Well, first of all, a lot of work is going on in industry with private sector funding that is being done behind closed doors in a very proprietary way.  Even within projects that involve federal funding from DOE and other agencies, some aspects of the technical and economic performance details associated with progress being made may need to be carefully controlled by those involved to avoid the compromise of proprietary information. The degree that this must be done depends on the project and the amount of private sector cost-share involved. So, commenting on specific details about any one project or trying to do comparisons with the state of technology of competing organizations or projects is not appropriate, nor would it even be possible for anyone who is not aware of the proprietary details of the work underway behind the closed doors of competing organizations.

I think the main point to be made here is that DOE is investing in a portfolio of algae-related projects ranging in scale from laboratory research to pilot and demonstration scale integrated systems, as well as cross-cutting modeling, analysis, and preliminary assessment of techno-economics, LCA, resource use, and sustainability. These projects are addressing a wide range of technical and economic challenges using various approaches, and most have only been underway for a relatively short time and are still very much works in progress.

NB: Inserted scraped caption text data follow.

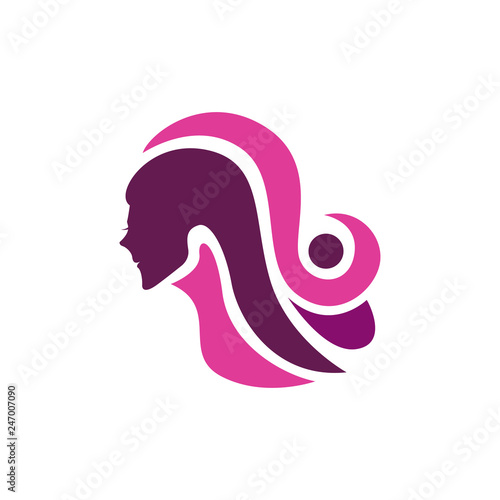 Vector logo for woman salons and shops, Abstract logo for a beauty salon. Abstract women face vector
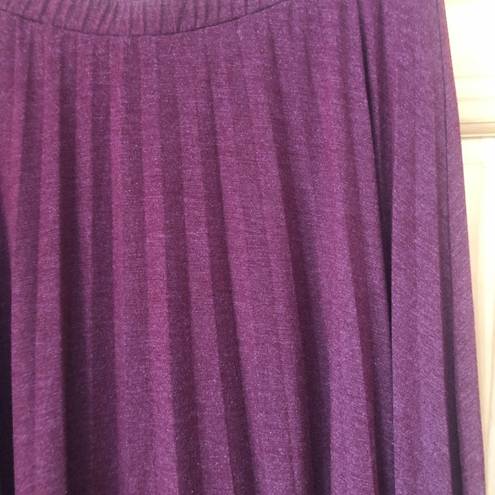 Coldwater Creek Vintage  burgundy pleated knit maxi skirt size XL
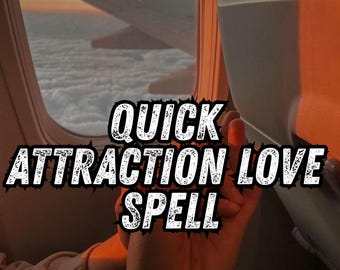 Hechizo de amor de atracción rápida, despierta el interés y el deseo romántico al instante, poderoso ritual de manifestación de amor, lanzamiento el mismo día.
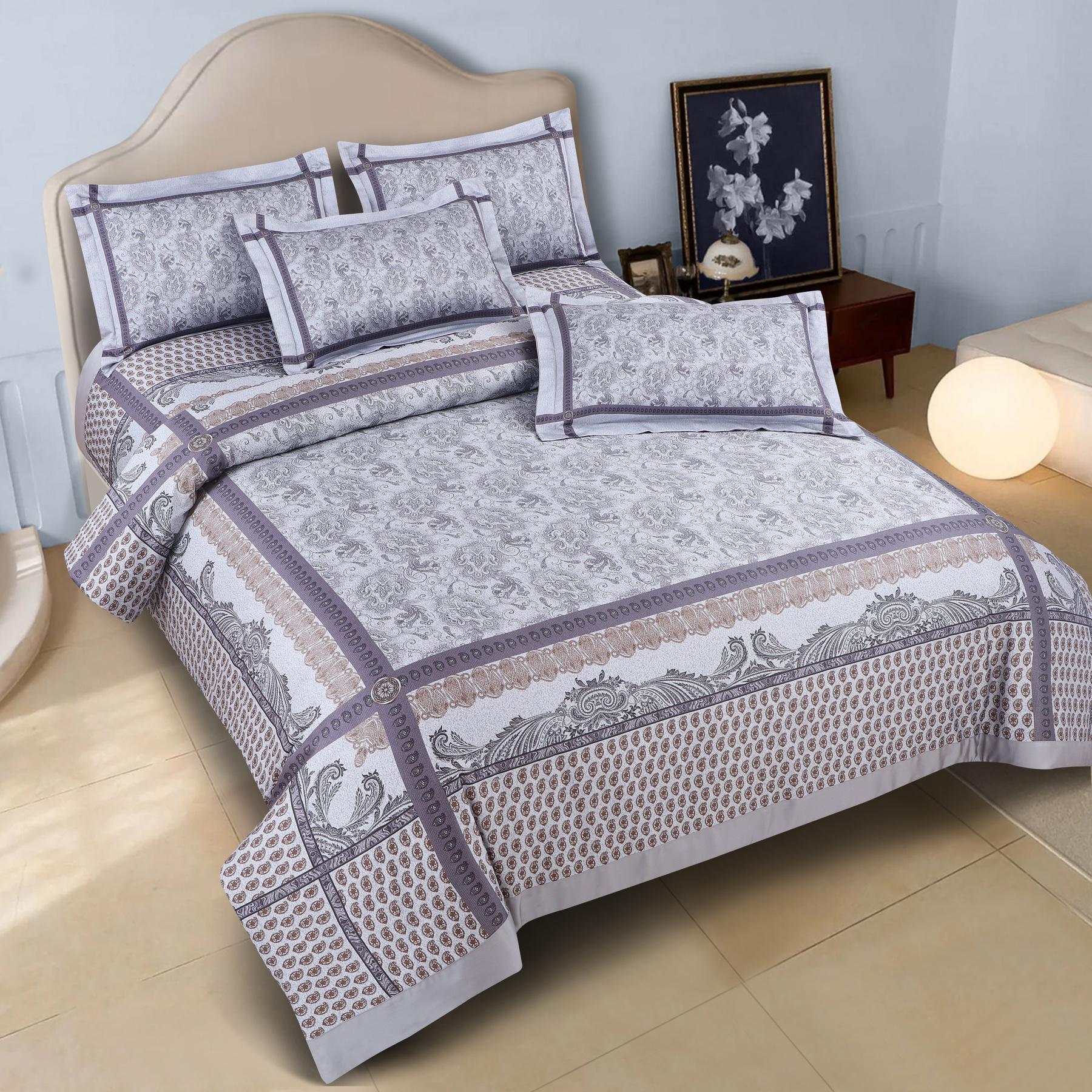 100% Cotton Bedsheet with 2pcs Pillow Cover 800 thread count CIAO-015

Again, the next several years, as these and other projects progress and report results, will be important for seeing where we are with algae biofuels.

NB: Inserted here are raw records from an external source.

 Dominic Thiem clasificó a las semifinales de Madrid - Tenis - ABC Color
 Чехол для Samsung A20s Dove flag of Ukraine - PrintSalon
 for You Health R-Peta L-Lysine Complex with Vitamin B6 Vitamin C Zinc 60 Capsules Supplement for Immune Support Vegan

A good source of information on what’s going on with algae-related projects under OBP is to check out the 2011 OBP Program Review Portal[2]. This web site documents the peer review process the Biomass Program has gone through this year, broken down by topic area. By drilling down into each topic area, you can find peer review presentations on the activities, status, and future plans for nearly all of the projects funded under OBP. This is publically available information that can help gauge the state of the technology from the perspective of the OBP program investments. The OBP web site[3] also provides additional information and access to resources of interest to the algae biofuels stakeholder community.

What gives you the most optimism for the future of algal biofuels?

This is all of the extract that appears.